Due to the rather large niche my new rifle is going to be required to fill, I wanted to shoot a variety of ammo through it to see how it performed with various manufacturers’ products and bullet weights. Per Winchester’s website, “With quality optics, premium ammunition, and good shooting conditions, 1 MOA accuracy can be expected — if you, your ammo and your optics are up to it.” I was, so I headed to the range with a bag full of rounds and expectations. After several hours of bench shooting, my consensus was that of Winchester, the rifle was holding around a 1 to 1.5 MOA average with just about everything I closed the bolt on. Two loads, a Black Hills Ammo 165 gr. Hornady GMX and Norma’s 170 gr. Tip Strike averaged sub-MOA. All of the loads tested have a proven history of performance and given the size of game being hunted, would work well at reasonable ranges.
|Group 1||Group 2||Group 3||Average|
|Black Hills 165gr||.8||.9||1||.9|
|Black Hills 200gr||1.6||1.3||1.7||1.53|
Given that the rifle is going to be spending most of its field days in Alaska, I wanted a good scope cover and sling to protect my investment.

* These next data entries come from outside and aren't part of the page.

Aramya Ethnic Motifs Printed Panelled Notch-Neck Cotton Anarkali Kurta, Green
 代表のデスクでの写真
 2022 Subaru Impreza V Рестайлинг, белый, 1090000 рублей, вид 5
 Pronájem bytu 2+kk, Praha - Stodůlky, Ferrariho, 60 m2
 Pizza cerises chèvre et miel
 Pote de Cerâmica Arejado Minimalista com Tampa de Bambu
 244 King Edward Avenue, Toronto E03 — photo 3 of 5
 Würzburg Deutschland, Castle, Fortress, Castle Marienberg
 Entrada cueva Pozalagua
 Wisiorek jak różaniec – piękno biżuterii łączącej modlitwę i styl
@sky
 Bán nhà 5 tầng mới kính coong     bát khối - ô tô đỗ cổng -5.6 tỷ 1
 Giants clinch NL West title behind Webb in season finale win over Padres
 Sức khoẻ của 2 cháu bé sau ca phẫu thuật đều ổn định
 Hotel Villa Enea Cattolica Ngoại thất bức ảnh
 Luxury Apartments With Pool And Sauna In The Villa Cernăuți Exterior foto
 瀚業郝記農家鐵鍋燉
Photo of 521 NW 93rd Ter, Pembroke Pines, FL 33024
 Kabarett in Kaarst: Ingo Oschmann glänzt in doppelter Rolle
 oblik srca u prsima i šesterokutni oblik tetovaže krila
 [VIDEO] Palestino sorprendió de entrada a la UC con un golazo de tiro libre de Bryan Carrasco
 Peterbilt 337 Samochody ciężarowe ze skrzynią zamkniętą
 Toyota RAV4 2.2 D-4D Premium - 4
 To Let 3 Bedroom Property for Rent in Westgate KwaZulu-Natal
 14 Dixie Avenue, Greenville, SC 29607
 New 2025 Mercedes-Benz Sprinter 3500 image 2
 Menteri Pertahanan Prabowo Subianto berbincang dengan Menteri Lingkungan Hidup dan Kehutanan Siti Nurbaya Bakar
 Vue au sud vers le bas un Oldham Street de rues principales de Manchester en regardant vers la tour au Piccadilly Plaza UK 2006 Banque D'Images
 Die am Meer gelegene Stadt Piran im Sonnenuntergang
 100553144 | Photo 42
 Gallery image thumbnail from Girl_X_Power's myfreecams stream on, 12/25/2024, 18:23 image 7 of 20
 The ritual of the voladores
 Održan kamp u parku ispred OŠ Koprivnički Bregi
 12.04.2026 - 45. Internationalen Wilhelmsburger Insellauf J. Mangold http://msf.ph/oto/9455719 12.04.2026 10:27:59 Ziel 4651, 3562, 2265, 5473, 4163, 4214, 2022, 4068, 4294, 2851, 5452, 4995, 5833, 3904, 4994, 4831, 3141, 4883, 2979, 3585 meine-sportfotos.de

Flip-up style scope caps have their place in the hunting world but I opted to go with a whole cover style, wading through alders and brush can be hard on glass and I wanted a maximum amount of protection. I chose the Scope Slicker from Alpine. It’s weatherproof and comes with a built-in microfiber lens cleaners on either end as well as a secure mounting system that allows you to flip up either end yet keep it attached to the scope. It checked all of the boxes I wanted.
Depending on the time of year and game being pursued, a hunter can find themselves spending every waking hour out of the tent in their raingear. Few things are as frustrating and take your mind out of the game than constantly fighting your rifle sling on a wet rain jacket all day. For this reason, I chose a Butler Creek Comfort Stretch sling with non-slip grippers on the back. If my rifle’s not in my hands, I want it out of the way so I can focus on the task at hand.
While I gathered information and advice from different people throughout the last several months, from lifelong Alaskan residents to gun writers, I tried to follow the old adage: Get the best you can afford. There’s not a one-size-fits-all in any realm of the firearm industry, certainly when it comes to the vastness of hunting opportunity in Alaska, from blacktail on Kodiak to giant brown bear on the Peninsula, Dall sheep in the Chugach to caribou on the Aleutian Chain. I covered as many bases as I could and believe this setup will serve me well for years to come. Many people do it for a lot less money and some a lot more. I believe the most important thing is familiarity with one’s specific rifle. Familiarity translates to accuracy and accuracy to more epic days in the field which is what hunting Alaska is all about.